Reports that City and accounting forms will be prosecuted and fined for offering tax avoidance advice:
City firms that help businesses run tax avoidance schemes could face huge financial penalties under fresh Government proposals.
This is not going to happen.
Banks, accountancy firms and lawyers could be forced to hand over underpaid tax if they are found to have broken the law.
But we think it hugely important that everyone understand the basic point here. There is no such thing as tax avoidance. There are efforts to avoid tax, that's most certainly true and it's everyone's right to do so. However, there is no such thing which can be finally determined to be tax avoidance.
To put it in simplistic terms. One can simply pay tax - tax correctness perhaps. One can simply refuse to pay tax - tax evasion. And one can attempt to wriggle - that tax avoidance. But tax avoidance is not a state or a thing, it's that attempt. And when examined it collapses down into one of the two possible end states.

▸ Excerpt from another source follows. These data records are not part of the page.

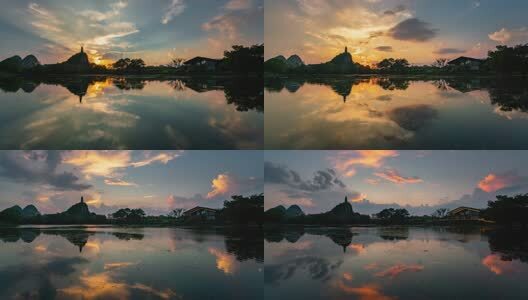 广西桂林塔山晚霞延时高清在线视频素材下载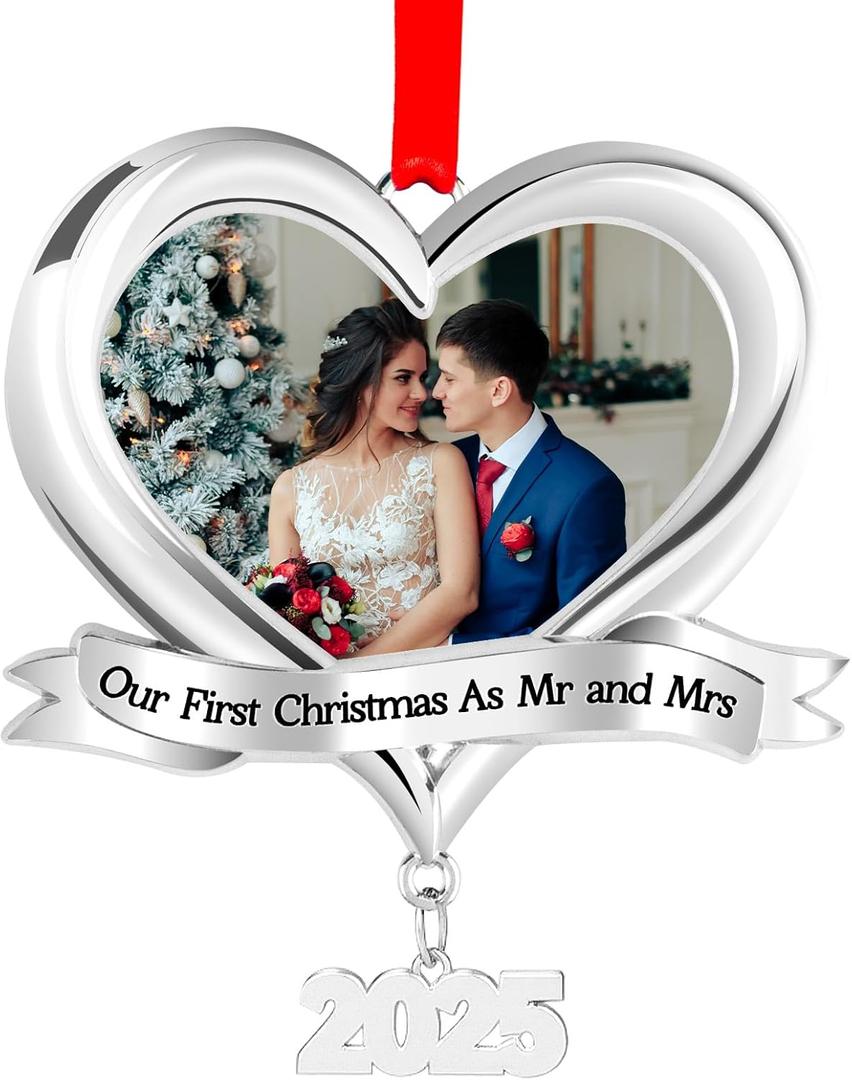 3 x Our First Christmas Married Personalized Photo Ornament 2025 As Mr. and Mrs - Our First Christmas Married Xmas Tree Picture Frame Ornament - 1st Xmas Bridal Shower Photo Ornaments Keepsake Gift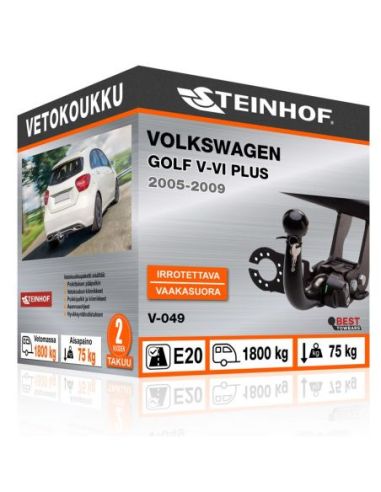 Vetokoukku Volkswagen GOLF V-VI PLUS vaakasuoraan irrotettava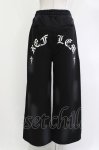 画像3: REFLEM / クロス刺繍スウェットワイドパンツ FREE 黒 H-26-04-21-1038-PU-PA-AK-ZH (3)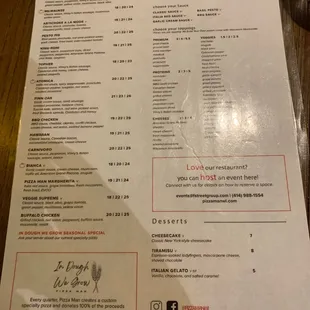 Back of the menu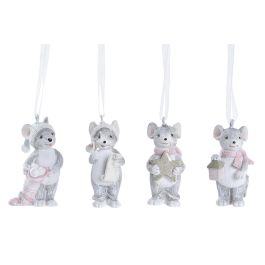 DKD Home Decor Adorno Colgante de Navidad Fantasía Ratón Resina Rosa Gris para Árbol, Set de 12 Unidades, 3x5.5x3 cm Precio: 14.4474. SKU: B1EZLV7QSK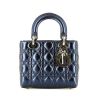 Sac bandoulière Dior Mini Lady Dior en cuir cannage bleu métallisé - 360 thumbnail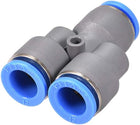 Push To Connect Air Fittings Y Type Tube Connect 12mm OD Push Lock Grey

The attempt at avoidance, that wriggling, is declared legal and thus it is also known as "paying the correct amount of tax". It is declared to be illegal and it is thus tax evasion. There is no room left in our definitions for something that remains tax avoidance after it has been examined.
Thus our rather bold statement at the top. No one is going to be fined or punished for offering advice on how to pay the correct amount of tax. People who advise on how to break the law through tax evasion may well face fiercer penalties than they do now. But given that the interim activity, tax avoidance is not illegal and cannot be made illegal then therefore neither will advice about it.